Soma’s body-patching synth offers a unique take on analogue synths. If you’re feeling experimental, this could be the instrument for you.
Soma Labs never take the obvious approach. Instead, you’re pretty much guaranteed something experimental from this boutique brand. The Soma Laboratory Enner is a case in point: it’s an analogue synth of sorts, but you won’t find anything as conventional as a keyboard or even controls for basic features like filters and envelopes. The Enner is built around a printed circuit board featuring unlabelled expanses of metal designed to be touched with your fingertips. Your body becomes part of the synth circuit itself, with low voltage currents passing through you as you patch signals from one part of the synth to another. The concept draws on traditional analogue synthesis and semi-modular concepts as well as electroacoustic theory and sound art in order to create something quite unique.
Designed in conjunction with Danish sound artist SiSTOR (aka Dalin Waldo), the Enner contains two main analogue sound generation sections: in the top left, a rhythm/bass synth section which divides a master clock into “rhythmical clicks, basses and octave tones”; down in the bottom right, a five-voice synth with knobs to tune each voice separately and a master pitch knob to transpose all five simultaneously. The synth sections are mono but the output of the Enner is stereo, with signals routed to left and right channels of the delay and filter circuits.
The synth sections themselves aren’t the only ways to generate sound with the Enner. The metal spring in the top left corner of the unit isn’t a spring reverb as you might assume, but an object for sound generation; twang the spring and its vibrations are picked up by the piezo microphone built into front panel, working as an additional sound source. Soma suggest hooking rubber bands around the knobs and creating a sort of improvised harp, twanging the bands and routing the signal from the piezo mic. There’s also an audio input to process external signals, which can be used for synth tones but would also lend itself nicely to processing vocals.
Each of the brass-coloured contact pads represents a different input or output, which can be patched together by touching two or more contacts simultaneously. Each of the metal control knobs also works as a contact point for an input or output which relates to the functionality of the knob (for example, the tempo knob for the rhythm/bass synth acts as an input for tempo modulation). By our reckoning, that means you have a total of 23 different audio sources (including the signal from the external input socket), 12 audio input patch points and 10 modulation inputs. You can also sync the rhythm/bass section to an external clock signal, but there’s no conventional CV control of pitch or the option to interface with other equipment for CV/gate control and modulation.
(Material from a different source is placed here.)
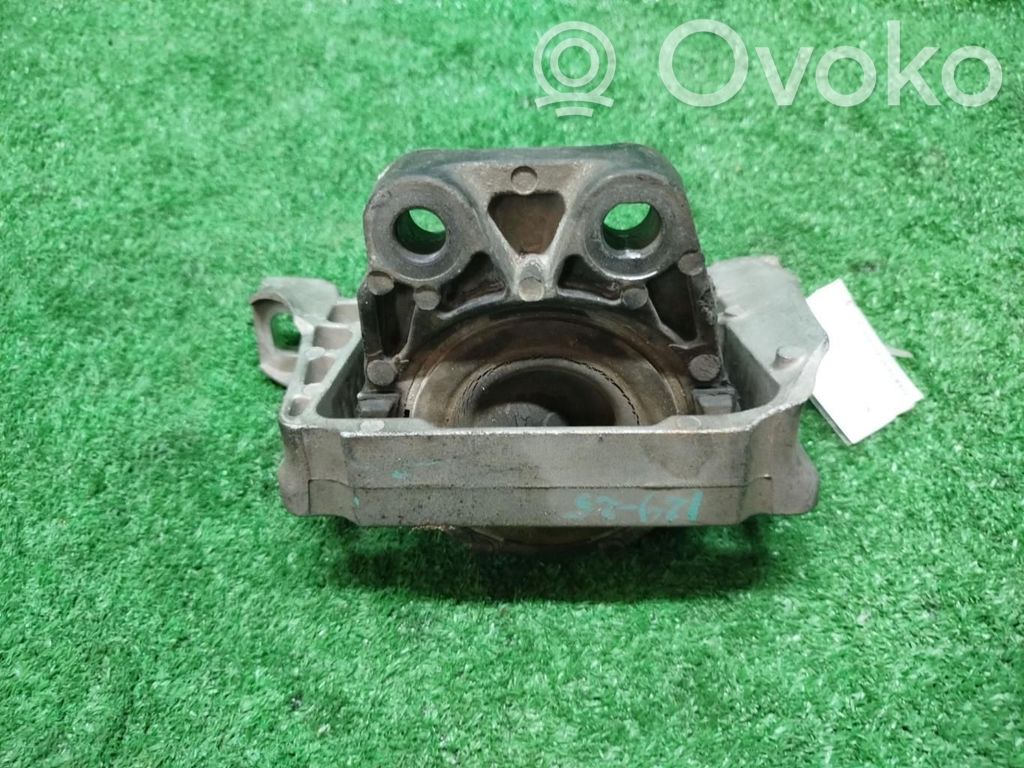Engine mount bracket   7M516F012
Getting your head around the Enner’s unique approach takes a little while, but there’s a logic to the layout, with most of the sound sources around the outside and destinations – direct outputs, filter inputs and delay inputs – in the triangular central section. The delay circuit, in the bottom left of the front panel, is relatively simple, pushing into self-oscillation at higher feedback settings. The filters, meanwhile, are fixed high-pass, band-pass (high mid/low mid) and low-pass circuits split into left and right channels.
You can play the Enner in quite conventional terms if you want, consulting the manual and planning logical patches from one section to another in order to achieve certain sounds, but that feels slightly at odds with the experimental nature of the instrument. Instead, just making connections at random leads you into interesting results. You soon find that you build up a muscle memory of sorts, instinctively reaching for certain combinations of pads to connect. Finger drumming in the central section works well to create rhythms and grooves of sorts, routing signals through the different bands of the filter section.
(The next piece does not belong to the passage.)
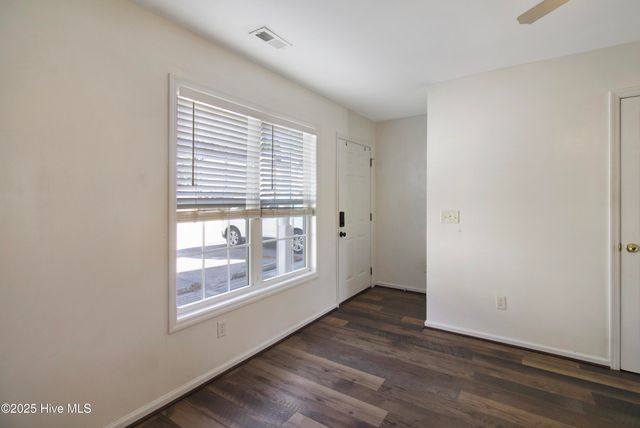 134 Cornerstone Place, Jacksonville, NC 28546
Sonically, the Enner puts you in relatively basic but characterful analogue synth territory for the most part. The rhythm/bass and five-voice synth sections generate fairly simple tones and the filtering options are limited, but the ring modulation circuits generate complexity and things always have an edgy, gritty feel.
As you’ve probably gathered by now, the Enner is unashamedly experimental. This isn’t a conventional synth by any stretch of the imagination, but it’s one with a distinctive personality. The Enner feels like a live performance instrument above all else – it’s an instant sound art/noise/drone machine – but could also work in the studio for creating loops to sample. If you can get to grips with its unique approach, this is a distinctly expressive instrument.